Esta demissão global surge uma semana depois de o próprio júri ter anunciado que excluiria a Rússia e Israel da lista, devido ao Tribunal Penal Internacional ter emitido mandados de detenção sob a acusação de cometerem crimes de guerra contra os seus líderes.

O Tribunal Penal Internacional está a julgar o presidente russo, Vladimir Putin, pelo alegado crime de guerra de “deportação ilegal” de crianças ucranianas. O primeiro-ministro israelense, Benjamin Netanyahu, enfrenta um mandado de prisão emitido em 2024 sob a acusação de cometer crimes de guerra e crimes contra a humanidade na Faixa de Gaza.

A Bienal – a maior feira internacional de arte do mundo – disse na semana passada que “o júri (abster-se-á) de avaliar (as ações de) países cujos líderes são atualmente acusados ​​pelo Tribunal Penal Internacional de cometer crimes contra a humanidade”.

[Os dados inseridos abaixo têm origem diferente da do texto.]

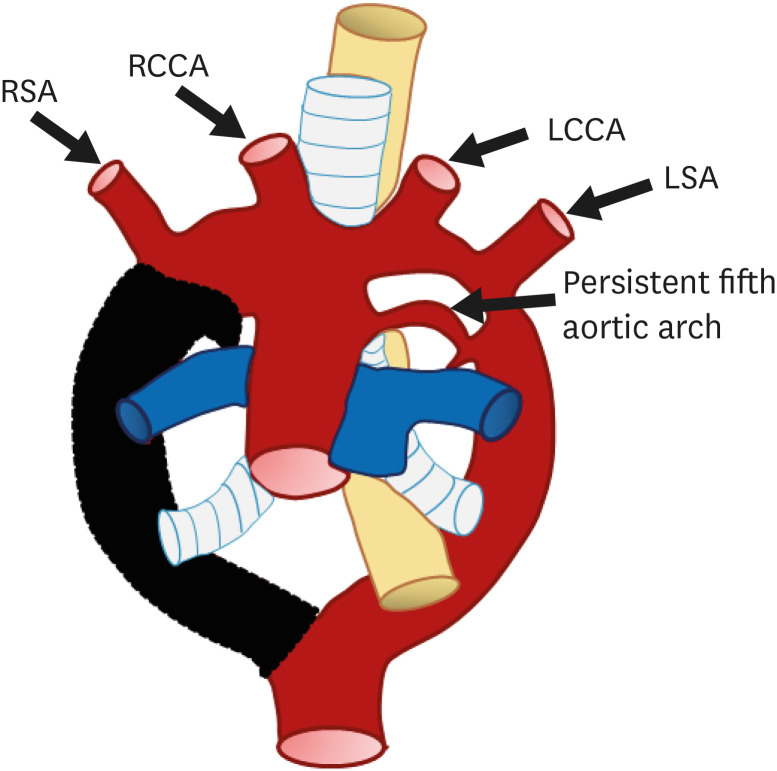 Figure 24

Depois de anunciarem esta demissão, os organizadores do evento alegaram ter “decidido” que a cerimónia de entrega de prémios seria realizada no dia 22 de novembro e não no dia 9 de maio como inicialmente previsto, e que seriam distribuídos dois prémios.

Segundo eles, um dos dois prémios pode ser ganho para todas as “inscrições nacionais incluídas na lista oficial da 61.ª exposição”, “de acordo com o princípio da inclusão e igualdade de tratamento”, que inclui a Rússia.

Oposição ao governo

“Está de acordo com o espírito fundador da Bienal, baseado na abertura, no diálogo e na rejeição de qualquer forma de encerramento ou censura”, anunciaram os organizadores num comunicado de imprensa. “A Bienal pretende ser, e deve continuar a ser, um lugar de trégua em nome da arte, da cultura e da liberdade artística”, sublinharam.

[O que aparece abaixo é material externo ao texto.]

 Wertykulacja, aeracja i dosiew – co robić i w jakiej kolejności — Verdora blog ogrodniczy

O anúncio, no início de março, da participação da Rússia foi duramente criticado pela Ucrânia e pela União Europeia. Bruxelas até ameaçou cortar o financiamento.

O governo italiano confirmou, através do Ministério da Cultura, que esta decisão foi tomada “de forma totalmente independente pela Fundação Bienal, apesar da oposição do governo italiano”.

A primeira-ministra Giorgia Meloni reiterou na quinta-feira que o seu governo “não concorda com a decisão” tomada pelo presidente da Bienal, Pietrangelo Buttafuoco.

“Eu mesma não teria feito esta escolha”, sublinhou durante uma conferência de imprensa, lembrando que a bienal é uma “organização independente”.

Espera-se que quase 40 artistas russos participem da exposição “A árvore está enraizada no céu” (“A árvore está enraizada no céu”, nota do editor), que será realizada no Pavilhão Russo localizado nos Jardins da Bienal.

Artistas ucranianos e bielorrussos – Minsk é um aliado próximo de Moscovo – também estarão presentes em Veneza, além de artistas iranianos, israelitas e americanos.

A Bienal proibiu a participação de qualquer pessoa associada ao governo russo em 2022, em protesto contra a invasão da Ucrânia por Moscou. A Rússia também esteve ausente da próxima edição, em 2024.

Hoje a Bienal de Veneza é um grande evento de arte contemporânea com a Documenta em Kassel, na Alemanha. Durante seis meses, atraiu mais de 600 mil visitantes.